* Directions:
The records that follow are to be given again exactly, with their pictures omitted.

======== Data shown

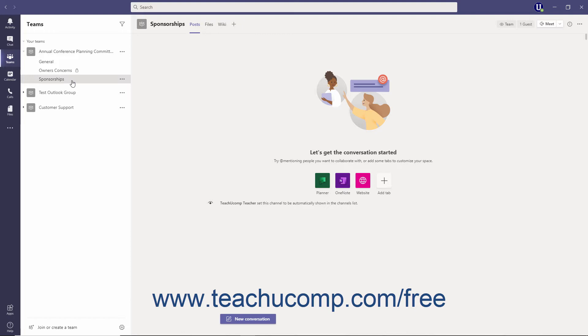This avoids the cumbersome nature of back and forth emails, especially when working with a large group. In addition, since Teams stores files and attachments in SharePoint, it eliminates the possibility of emails being lost or accidentally deleted.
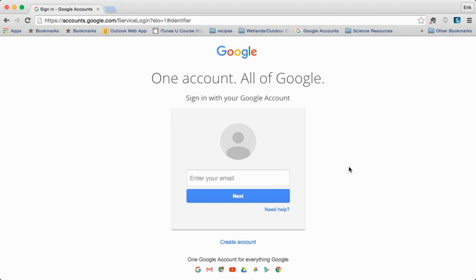If you're using a Mac or a PC it's recommended that you use Google Chrome. If you are using an iPad there's an app for Google Drive.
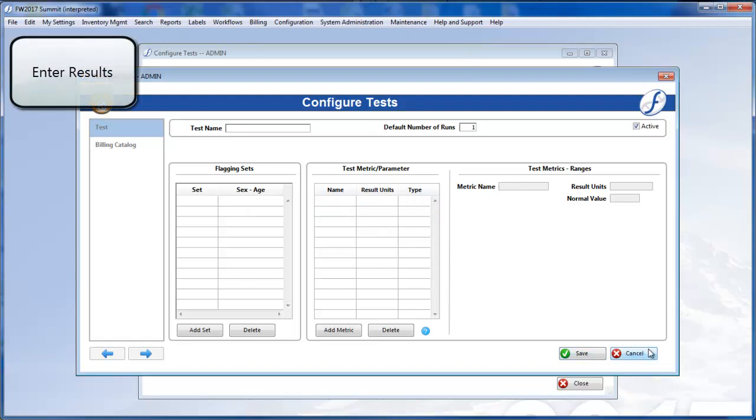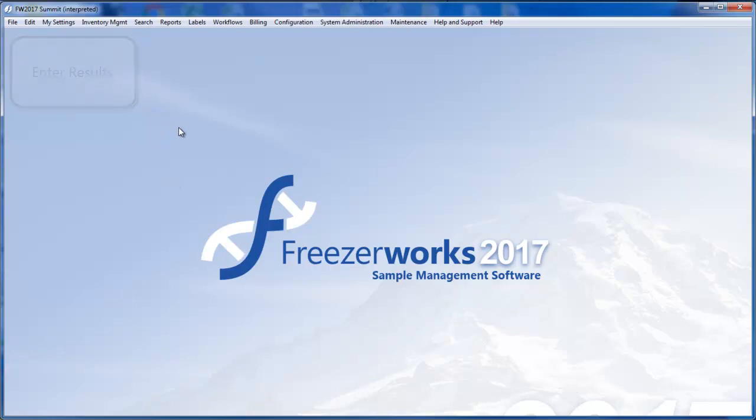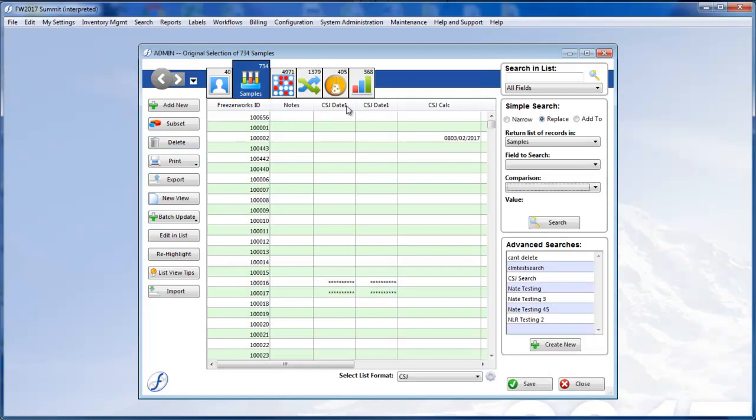This new way of configuring tests will, of course, impact the way you enter results. You will now input quantitative and qualitative results for the same test, and thus in the same window.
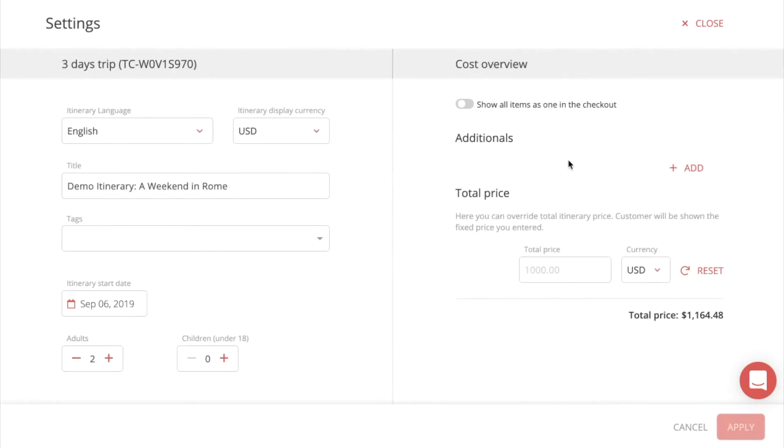Here you can choose to show all items as one in the checkout, if you want to simplify.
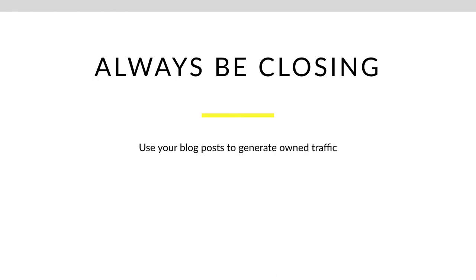So your blog posts, what you're going to do is you're going to use them to generate all of this owned traffic. You're going to make blog posts so that people can find your website. They can find you and there's lots and lots of benefits to blogging.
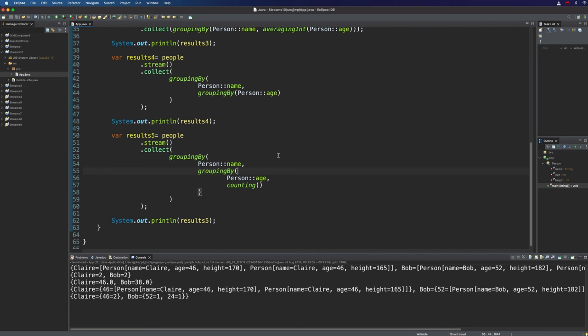If you saw the last video I raised the question: why do we need collector versions of things we've already seen? Why do we need counting when we've got count? You can see why now — in this case with counting we want to count the number of people in each of the groups created with groupingBy. But what about other methods like mapping and filtering? Let's take a look at examples where we need the collector version of something that we already have an intermediate stream version of.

================

* Result of this task:
This avoids the cumbersome nature of back and forth emails, especially when working with a large group. In addition, since Teams stores files and attachments in SharePoint, it eliminates the possibility of emails being lost or accidentally deleted.
If you're using a Mac or a PC it's recommended that you use Google Chrome. If you are using an iPad there's an app for Google Drive.
This new way of configuring tests will, of course, impact the way you enter results. You will now input quantitative and qualitative results for the same test, and thus in the same window.
Here you can choose to show all items as one in the checkout, if you want to simplify.
So your blog posts, what you're going to do is you're going to use them to generate all of this owned traffic. You're going to make blog posts so that people can find your website. They can find you and there's lots and lots of benefits to blogging.
If you saw the last video I raised the question: why do we need collector versions of things we've already seen? Why do we need counting when we've got count? You can see why now — in this case with counting we want to count the number of people in each of the groups created with groupingBy. But what about other methods like mapping and filtering? Let's take a look at examples where we need the collector version of something that we already have an intermediate stream version of.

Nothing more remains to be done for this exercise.